■ TASK STATEMENT ■
All that should come back is the lines of the data below from the one containing "Texas Military Members" to the one containing "New Crystal Hair", inclusive, exactly as they stand.

*** Opening of EXERCISE MATERIAL ***

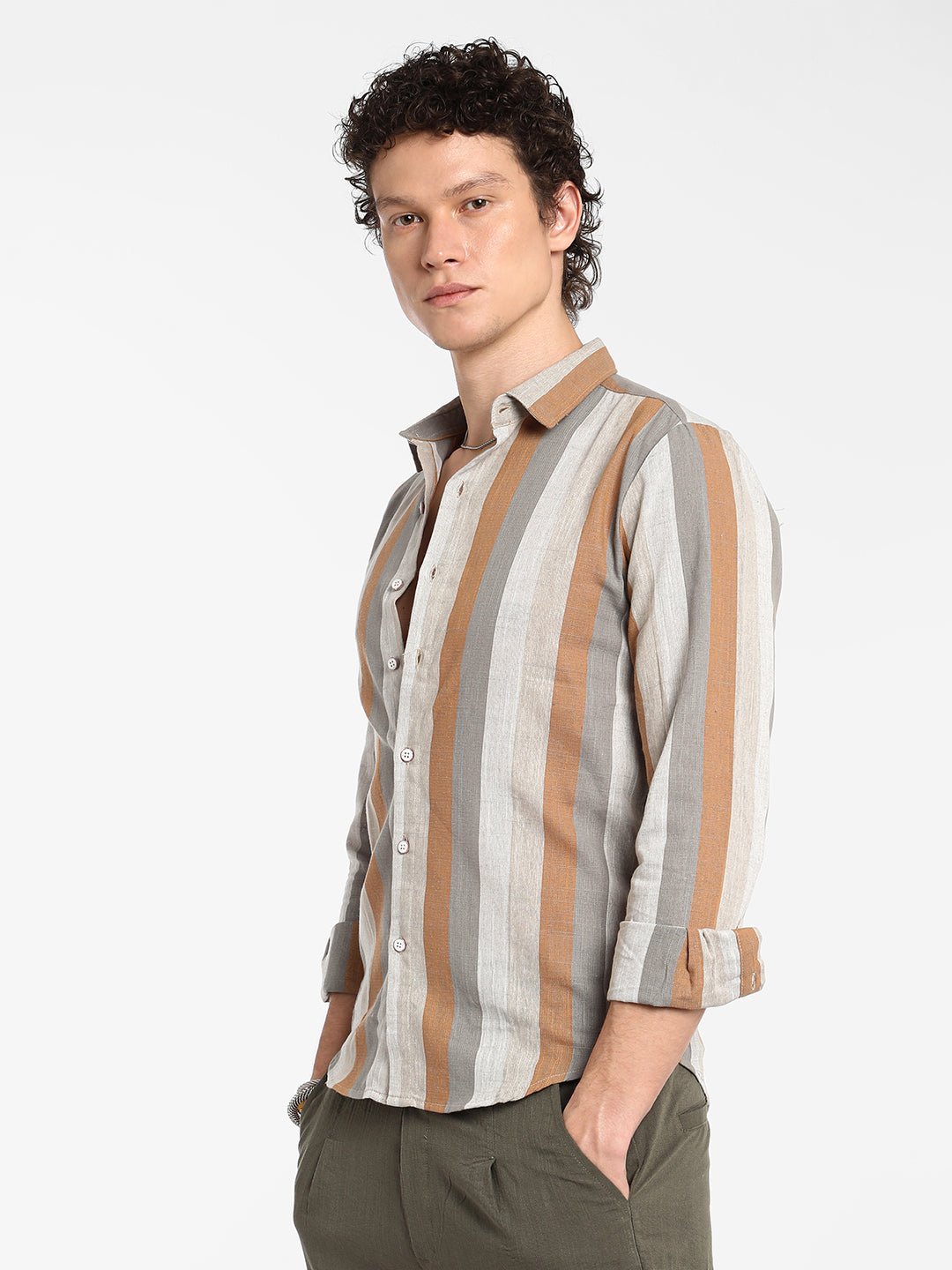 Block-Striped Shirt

*** Close of EXERCISE MATERIAL ***
*** Opening of EXERCISE MATERIAL ***

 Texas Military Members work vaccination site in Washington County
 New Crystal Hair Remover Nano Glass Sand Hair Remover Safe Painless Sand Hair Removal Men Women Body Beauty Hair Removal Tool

*** Close of EXERCISE MATERIAL ***

■ SOLVED PROBLEM ■
 Texas Military Members work vaccination site in Washington County
 New Crystal Hair Remover Nano Glass Sand Hair Remover Safe Painless Sand Hair Removal Men Women Body Beauty Hair Removal Tool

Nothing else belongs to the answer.